Is it possable to improve performance following 'outages'?

Message boards : Number crunching : Is it possable to improve performance following 'outages'?
Message board moderation

To post messages, you must log in.

AuthorMessage
Profile Dorsai
Avatar

Send message
Joined: 7 Sep 04
Posts: 474
Credit: 4,504,838
RAC: 0
United Kingdom
Message 121801 - Posted: 10 Jun 2005, 18:03:43 UTC
Last modified: 10 Jun 2005, 18:06:59 UTC

There must be some way for Boinc to 'change' it's behaviour to take into account 'grid-lock' following an outage.

Perhaps the project could issue a "suspend uploads for 1 day, on results that have a deadline that is more than 3 days away" instruction to users, so that the server could concentrate on receiving uploads that are 'urgent'..

Similarly, an instruction "you have more than 3 days work, so will have to wait 24 hours before you try and get any more work" could be issued, so that the server could concentrate on getting work to dry users.

Clearly the time factors could be whatever the project wanted.

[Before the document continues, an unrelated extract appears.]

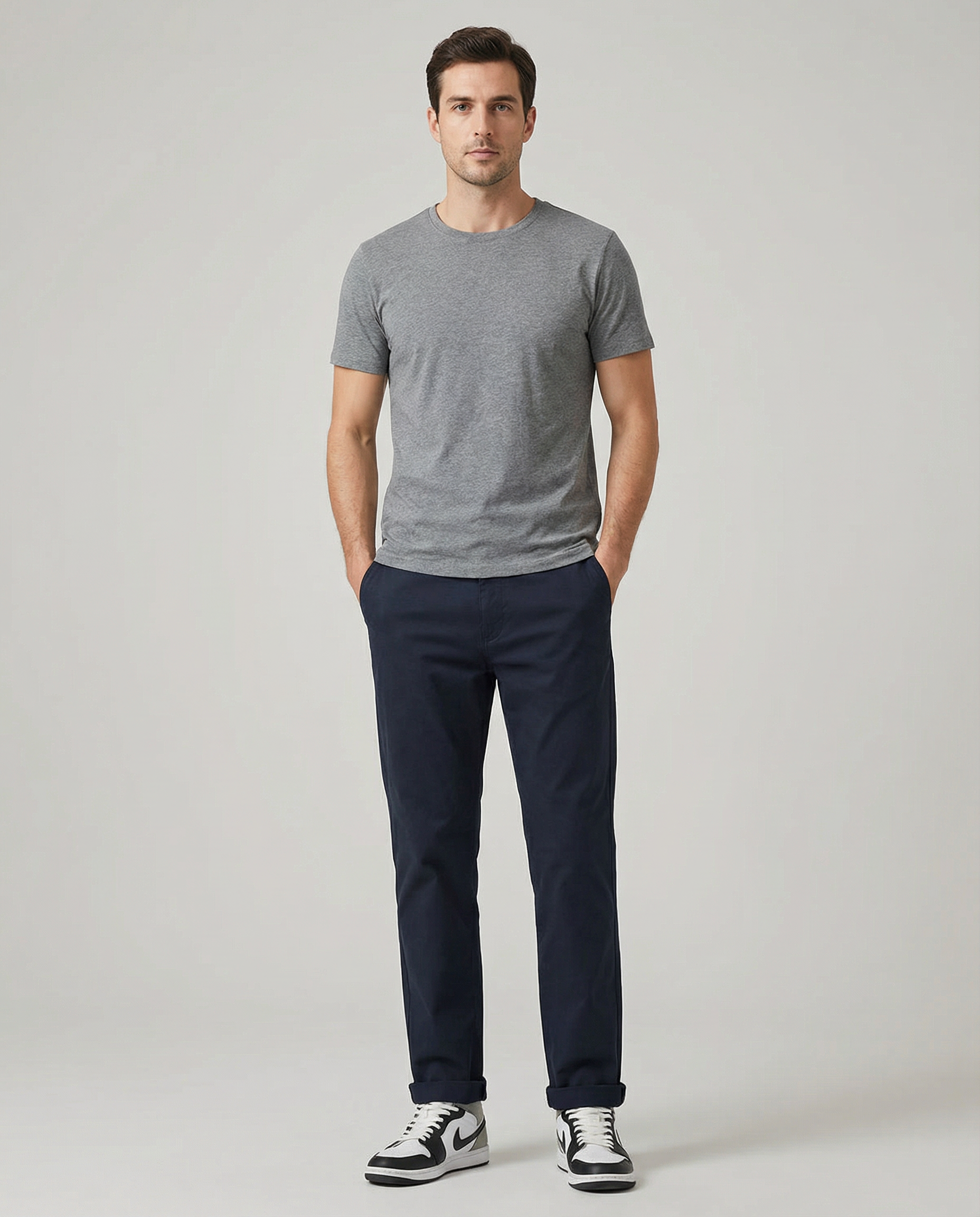 Men's Khaki Chino Pants – Comfortable Loose Fit for Everyday Wear — side view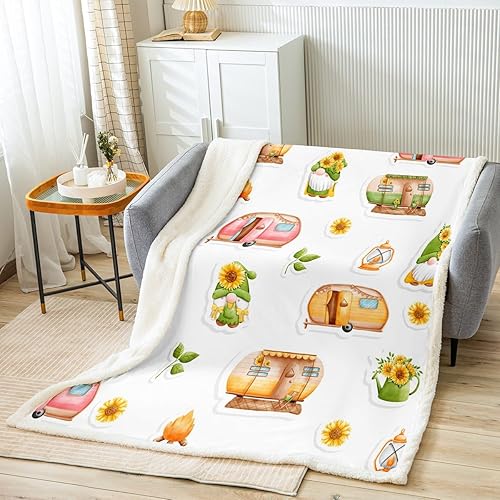Manfei Manta de camping amarillo con girasoles para decoración de habitación de niños y niñas, manta de caravana para sofá, manta de forro polar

Does anyone think this would help ease the pressure, allowing users close to deadlines to upload, and users close to running out to download?

All the server would need to do was notice is running at 100%, and reply to requests "I'm busy" and then the Boinc client could say:

"The server is busy. I need work, but I have enough for 3 days...All finished results are not due in for a week. I will try tomorrow."

OR

"The server is busy. I need work, But have 3 days worth. My finished results are due in tomorrow, so I will continue trying to return them now, but will wait till tomorrow before trying to get more work."

etc?

Boinc already has a panic mode for doing work, so why not add this feature to the returning and requesting of work?
That way following an outage as soon as someone tries to connect, Boinc would try once, find the server busy, and then make a decision as to how urgent the desire to connect was.


Foamy is "Lord and Master".
(Oh, + some Classic WUs too.)
ID: 121801 · Report as offensive
Profile Tigher
Volunteer tester

Send message
Joined: 18 Mar 04
Posts: 1547
Credit: 760,577
RAC: 0
United Kingdom
Message 121807 - Posted: 10 Jun 2005, 18:14:12 UTC

I agree. I expressed similar sentiments in another thread; that you can't have a new WU until you are down to your last one/two or one for each CPU you have. Also that priority be given to downloads rather than getting results back....which can wait. Well worth doing. Their target is 1M client hosts....it will kill 'em!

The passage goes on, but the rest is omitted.